Oggi ci ha lasciato Lucio Babolin, che è stato presidente del CNCA per due mandati, dal 2002 al 2011. I funerali avranno luogo sabato 20 dicembre alle ore 15.00, nella chiesa parrocchiale di Tencarola (Pd). Chi vuole può inviare un saluto a Lucio all’indirizzo email ufficio.stampa@cnca.it; lo pubblicheremo in questa pagina.
“Chi nega i diritti cancella le persone, e noi rivendichiamo il diritto delle persone ad avere la garanzia del benessere in questo Paese.”
Comincia così uno dei tanti discorsi di Lucio.
Lucio ha camminato con noi partendo proprio da questa convinzione profonda: che senza diritti non c’è dignità, e senza dignità le persone diventano invisibili.
Ha camminato con noi e per noi in mille modi e in mille luoghi diversi, scegliendo ogni giorno di stare dalla parte di chi faceva più fatica.
Ha camminato nelle comunità, nelle famiglie, nei territori, nelle istituzioni, portando una visione dell’accoglienza che non era solo un’idea, ma una pratica quotidiana.
Nel suo impegno ha sempre tenuto insieme la vita concreta delle comunità, il lavoro educativo quotidiano e la necessità di un confronto pubblico e politico sulle scelte che riguardano i diritti, la giustizia sociale, il welfare. Sotto la sua guida il CNCA ha rafforzato il proprio ruolo di soggetto collettivo capace di parola critica, di proposta e di alleanza con i territori.

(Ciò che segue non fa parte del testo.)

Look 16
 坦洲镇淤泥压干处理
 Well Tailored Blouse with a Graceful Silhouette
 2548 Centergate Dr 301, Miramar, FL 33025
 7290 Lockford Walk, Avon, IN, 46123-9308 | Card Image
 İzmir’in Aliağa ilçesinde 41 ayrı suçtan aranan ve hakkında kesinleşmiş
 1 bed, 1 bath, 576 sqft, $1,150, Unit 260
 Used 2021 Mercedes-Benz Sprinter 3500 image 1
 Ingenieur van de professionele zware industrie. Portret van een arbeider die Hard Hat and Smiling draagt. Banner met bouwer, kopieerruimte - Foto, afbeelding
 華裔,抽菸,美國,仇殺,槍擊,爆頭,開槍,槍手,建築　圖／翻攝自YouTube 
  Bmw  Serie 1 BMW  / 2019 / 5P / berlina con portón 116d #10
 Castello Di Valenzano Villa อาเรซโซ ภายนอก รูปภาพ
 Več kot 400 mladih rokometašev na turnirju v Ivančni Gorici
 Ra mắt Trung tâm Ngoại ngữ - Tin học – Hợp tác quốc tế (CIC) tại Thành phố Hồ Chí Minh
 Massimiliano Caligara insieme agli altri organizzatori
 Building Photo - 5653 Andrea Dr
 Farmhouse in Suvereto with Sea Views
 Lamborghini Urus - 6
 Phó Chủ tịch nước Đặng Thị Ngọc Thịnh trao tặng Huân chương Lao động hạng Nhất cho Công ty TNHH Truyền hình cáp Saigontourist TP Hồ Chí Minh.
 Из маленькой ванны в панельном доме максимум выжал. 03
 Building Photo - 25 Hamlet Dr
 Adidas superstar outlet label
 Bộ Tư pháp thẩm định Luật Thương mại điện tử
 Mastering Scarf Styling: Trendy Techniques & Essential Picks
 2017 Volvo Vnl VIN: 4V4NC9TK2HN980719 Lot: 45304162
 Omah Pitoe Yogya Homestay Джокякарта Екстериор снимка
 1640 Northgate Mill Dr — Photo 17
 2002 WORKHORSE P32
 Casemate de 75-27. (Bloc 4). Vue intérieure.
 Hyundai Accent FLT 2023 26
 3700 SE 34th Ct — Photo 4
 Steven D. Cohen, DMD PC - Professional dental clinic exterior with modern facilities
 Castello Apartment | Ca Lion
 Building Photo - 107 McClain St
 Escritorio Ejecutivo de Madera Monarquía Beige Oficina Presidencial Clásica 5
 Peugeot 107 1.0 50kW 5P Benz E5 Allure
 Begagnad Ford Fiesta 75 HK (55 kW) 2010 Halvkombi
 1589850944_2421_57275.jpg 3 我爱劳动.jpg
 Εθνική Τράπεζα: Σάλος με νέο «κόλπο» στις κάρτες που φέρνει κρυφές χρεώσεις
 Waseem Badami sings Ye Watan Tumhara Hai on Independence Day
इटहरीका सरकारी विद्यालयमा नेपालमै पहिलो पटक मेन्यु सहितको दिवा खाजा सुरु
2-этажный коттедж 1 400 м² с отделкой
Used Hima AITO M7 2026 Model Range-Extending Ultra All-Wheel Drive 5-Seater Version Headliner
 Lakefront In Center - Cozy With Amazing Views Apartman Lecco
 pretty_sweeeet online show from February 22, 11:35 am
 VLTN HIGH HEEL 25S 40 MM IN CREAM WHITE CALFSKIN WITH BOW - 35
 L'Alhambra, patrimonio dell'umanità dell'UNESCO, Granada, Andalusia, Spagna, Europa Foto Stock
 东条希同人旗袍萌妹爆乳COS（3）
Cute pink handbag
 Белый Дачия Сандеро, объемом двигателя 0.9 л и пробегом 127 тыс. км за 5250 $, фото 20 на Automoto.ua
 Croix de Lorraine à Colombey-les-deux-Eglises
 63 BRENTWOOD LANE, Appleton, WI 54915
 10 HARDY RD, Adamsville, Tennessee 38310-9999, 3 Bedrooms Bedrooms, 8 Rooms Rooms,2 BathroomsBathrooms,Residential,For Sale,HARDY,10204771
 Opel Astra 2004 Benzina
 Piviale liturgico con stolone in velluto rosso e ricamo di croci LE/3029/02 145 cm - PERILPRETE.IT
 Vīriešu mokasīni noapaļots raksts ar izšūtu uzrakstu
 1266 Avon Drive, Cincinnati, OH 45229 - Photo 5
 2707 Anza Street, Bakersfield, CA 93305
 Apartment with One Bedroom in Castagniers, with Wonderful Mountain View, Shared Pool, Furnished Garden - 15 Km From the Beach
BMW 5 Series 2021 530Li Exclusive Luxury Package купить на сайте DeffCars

Lucio ha creduto in un CNCA radicato nelle pratiche, ma mai chiuso in sé stesso; capace di leggere i cambiamenti della società, di difendere le persone più fragili e di richiamare le istituzioni alle proprie responsabilità. Ha promosso una visione dell’accoglienza come bene comune e impegno quotidiano.
Una politica diversa, la sua: una politica che nasceva dall’agire, dal prendersi cura, dal camminare accanto alle persone.
Lucio ha camminato per noi lasciando un segno profondo nelle persone che ha incontrato, nelle esperienze che ha contribuito a costruire, nelle scelte che ancora oggi continuano a parlare di lui.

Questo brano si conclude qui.